Martha Crawford se apresuró a salir de la casa para atender el puesto de cestos, secándose las manos en el delantal. Detrás apareció Llewellyn Crawford, su marido, masticando palomitas de maíz.
– ¿Señor, señora? – preguntó nerviosamente Martha. Con una mirada le pidió ayuda a Llewellyn, que le palmeó el hombro. Ninguno de ellos había visto jamás a un extraterrestre a tan poca distancia.
Uno de los extraterrestres, al ver a los Crawford detrás del mostrador, bajó despacio del coche. El hombre, o lo que fuera, fumaba un cigarro a través de un agujero en la bufanda.
– Buenos días – saludó la señora Crawford, nerviosa -. ¿Cestos? ¿Curiosidades?
El extraterrestre pestañeó con solemnidad. El resto de su cara no cambió. La bufanda le ocultaba la barbilla y la boca, si las tenía. Algunos decían que los extraterrestres no tenían barbilla, otros que tenían en su sitio algo tan repelente y atroz que ningún ser humano podría soportar el espectáculo. La gente los llamaba «hercus», porque venían de un sitio llamado Zera Herculis.
El hercu miró un rato los cestos y las baratijas que pendían sobre el mostrador, sin dejar de fumar su cigarro. Luego, con voz confusa pero comprensible, dijo:
– ¿Qué es eso?
Señalaba hacia abajo con una mano callosa, de tres dedos.
– ¿El indiecito? – preguntó Martha Crawford, con una voz que terminó en un chillido -. ¿O el calendario de cáscara de abedul?
– No, eso – dijo el hercu, volviendo a señalar hacia abajo. Esta vez los Crawford se asomaron por encima del mostrador y vieron que lo que indicaba era una forma grisácea, chata y redonda que había en el suelo.
– ¿Eso? – preguntó dubitativamente Llewellyn.
– Eso.
Llewellyn Crawford se sonrojó.
– Bueno… eso es una bosta de vaca. Una de las vacas se apartó ayer del rebaño, y debe haber hecho eso ahí sin que yo me diera cuenta.
– ¿Cuánto vale?
Los Crawford miraron al hombre, o lo que fuera, sin comprender.

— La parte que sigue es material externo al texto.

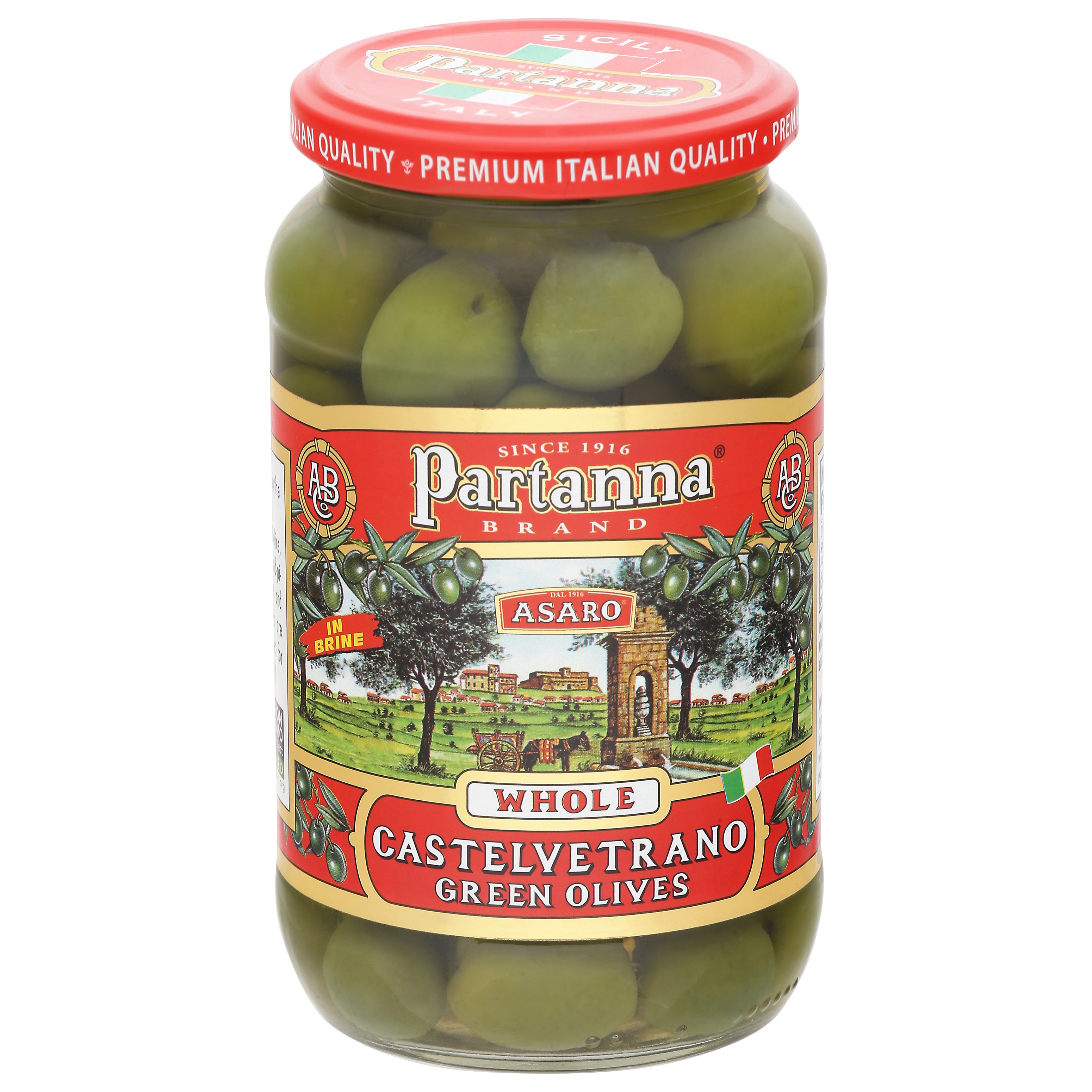 Partanna Asaro Whole Castelvetrano Green Olives in Brine 12 oz - Case of 6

– ¿Cuánto vale qué? – preguntó al fin Llewellyn.
– ¿Cuánto vale – gruñó el extraterrestre – la bosta de vaca?
Los Crawford se miraron entre sí.
– Yo nunca oí… – comenzó a decir Martha en voz baja, pero su marido la hizo callar.
Llewellyn carraspeó.
– ¿Qué le parece unos diez cen…? Bueno, no quiero engañarlos… ¿Qué le parece veinticinco centavos?
El extraterrestre sacó una enorme bolsa repleta de monedas y dejó veinticinco centavos sobre el mostrador, y le murmuró algo a su compañera.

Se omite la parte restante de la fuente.